I haven't held either of the models in question in this thread.  I was referring more to the general feel of each brand (consumer entry level model from either don't count.). The last Canon I had in my hands was the 5D2, and that thing was damned awful to work with after shooting Nikon for years...Now, I did like the layout/ergo of the 1D mk.IV, but hell for 5 grand, It'd better be awesome... My D700 does almost everything I want with two fingers on my right hand...


----------



## Josh220

D800 ftw. 500+ MB per HDR image. WIN!


----------



## myshkin

Wrong it is 200MB saved to 16bit tiff




Josh220 said:


> D800 ftw. 500+ MB per HDR image. WIN!


----------



## Josh220

Some people shoot 9 images per HDR depending on the range of light in the scene. That's 675MB of a memory card used; that applies to hard drives as well for those who don't delete their original files. Also, just because your end product came out to 2XX MB does not have any bearing whatsoever on the results others might experience with a different workflow and different number of shots.


----------



## myshkin

Well you said the HDR file would be 500MB this is plain wrong and no matter if its 9exp or 3 exp the output file will typically be about the same size. 

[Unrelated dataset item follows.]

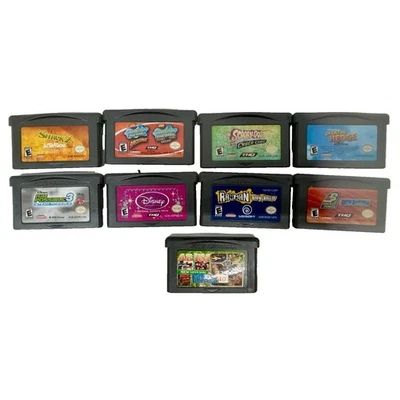 GAME BOY Advance 9 Game Lot;  Over Hedge, Shrek 2, Scooby, Sponge Bob, 48 in 1 - Image 1 of 4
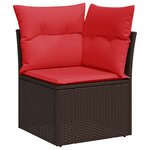 vidaXL Salon de jardin 8Pièces avec coussins marron résine tressée acacia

Also thats if someone is shooting uncompressed RAW which is 70MB. I believe most including myself will shoot lossles compressed which comes in around 40MB. Add in that the extra DR of the D800 and most will no longer need 9 exps. I would shoot a ton of 9 exp HDRs with the D700 but now with the D800 I likely will stick to 5 max. The DR of this camera is incredible

If your going to make a statement like that you shouldn't cherry pick the worse case scenario. Break it down for people so they don't get the wrong idea


----------